Published about 1 year ago • 2 min read

Hi Reader!

Back in tip #5, I showed you how to visualize your pandas code with Pandas Tutor.

Today, I’ve got four exciting pandas tools that can help you to:

  1. Speed up your data exploration
  2. Explore your dataset visually
  3. Treat your DataFrame like a spreadsheet
  4. Write pandas code faster with the help of AI

Let’s go! 🚀


👉 Tip #11: 4 tools to improve your pandas workflow

There are tons of free tools designed to improve your pandas workflow, but which ones are worth trying out?

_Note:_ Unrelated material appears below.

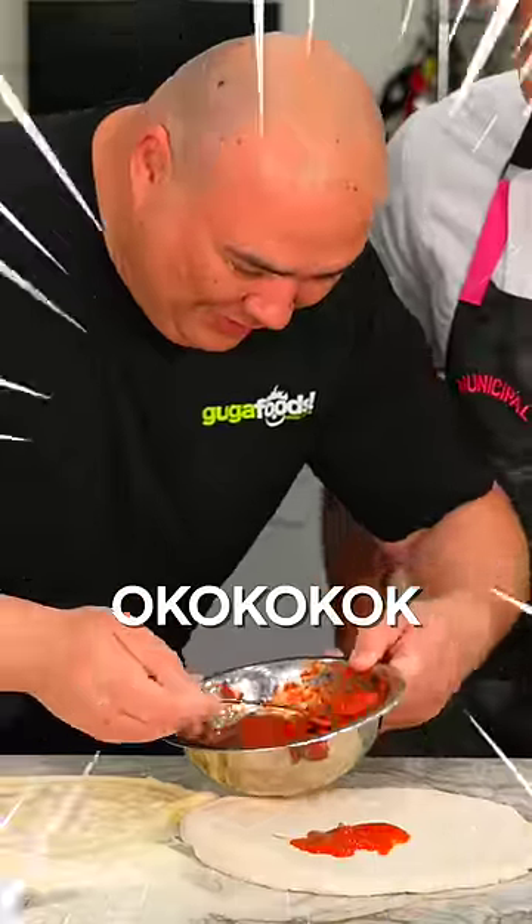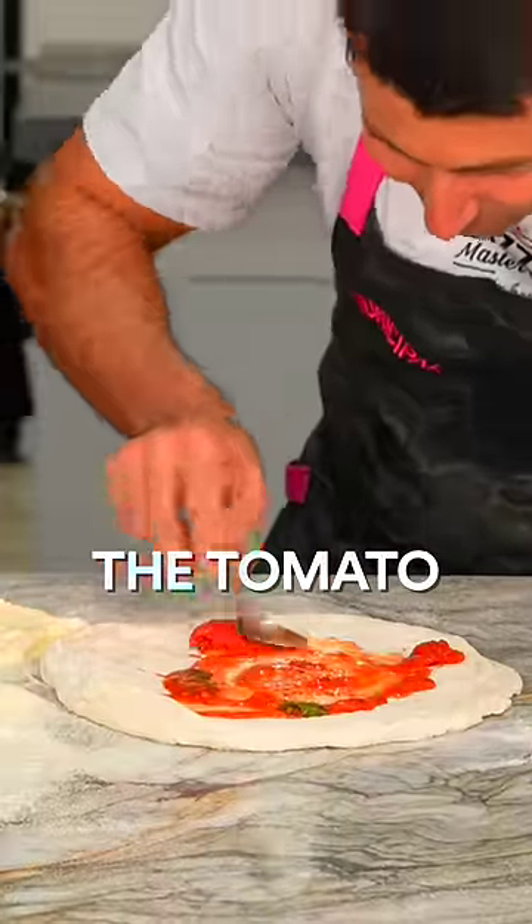Put the sauce. Okay, okay, okay, spread. Come on, come on. That's how you stretch the tomato sauce.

I only considered tools that are being actively developed and maintained, since it’s not worth investing your time into a tool that will quickly become outdated, buggy, or broken.

Here are my top four picks...

1️⃣ ydata-profiling: “One-line Exploratory Data Analysis”

  • Summary: You run one line of code, and it creates an interactive report that makes it easy to examine each variable in your DataFrame. It also visualizes the interactions between variables, and alerts you to possible problems with the dataset. The report can even be exported to HTML!
  • Example: HTML report
  • Installation: pip or conda
  • Notes: It used to be known as pandas-profiling, but was renamed since it now also supports Spark DataFrames.
  • Takeaway: It’s a huge time-saver for getting an overview of a new dataset.

2️⃣ PyGWalker: “Turn your pandas DataFrame into a Tableau-style User Interface”

  • Summary: You run one line of code, and it creates a Tableau-like interface for visually exploring your pandas (or Polars) DataFrame. It works within Jupyter, Google Colab, Kaggle Code, VS Code, Streamlit, and more.
  • Example: Kaggle notebook
  • Installation: pip or conda
  • Notes: According to the repository, PyGWalker is pronounced “Pig Walker.”
  • Takeaway: It looks useful if you’re already familiar with Tableau (which I am not!)

3️⃣ Mito: “Edit spreadsheet, generate Python code”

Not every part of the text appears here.